In my experience every time somebody was labeled "Lazy" it later turned out there was a physical/mental ailment at fault.

I could not for the life of me get over a 'simple' bout of pneumonia for almost 2+1/2 months. My family called me lazy and told me to get off my ass and work it off. Finally visited my own family physician (instead of those medicenter quacks) who diagnosed asthma... 2 weeks later I'm 100% again (with appropriate asthma treatments).

My Mother was ill with stomach issues for over a year, again they told her it was all in her head. Turned out to be advanced colon cancer, it almost killed her.

My Sister, slow and sluggish -> low iron.

My Grandmother, also slow and sluggish -> hypothyroidism.

My wife and I both have depression and asthma (you're right by the way... they do feed off each other.), mine being the worse in both cases.

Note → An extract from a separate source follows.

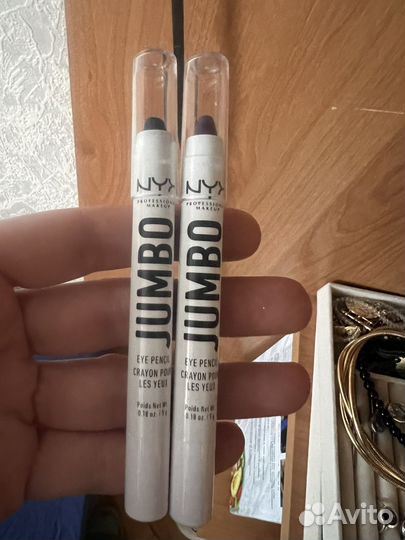 NYX jumbo pencil карандаш-тени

You would figure that my family would know that there's something actually wrong when we don't get something done, but nope, it's still cause we're lazy.

After all this I've concluded that people ARE lazy, but not in the way you suspect. PEOPLE ARE LAZY THINKERS! They don't stop to think about WHY someone or something is not working to expectations.

If a car is stalling out it's because it's an old piece of junk... not because you've never cleaned the air filter or fuel injectors.

That city worker leaning on the shovel is a slacker... not because it's 100F outside your air conditioned car.

When a computer crashes or locks up it's because it's defective... not because you've loaded it up with spyware and never cleaned the registery.

A co-worker keeps falling ill it's because they're slacking off... not because the office air is polluted with welding emullsates and paint fumes.

I've found that people will try their best in most circumstances, but often their are obstacles that most of us just don't see or think about.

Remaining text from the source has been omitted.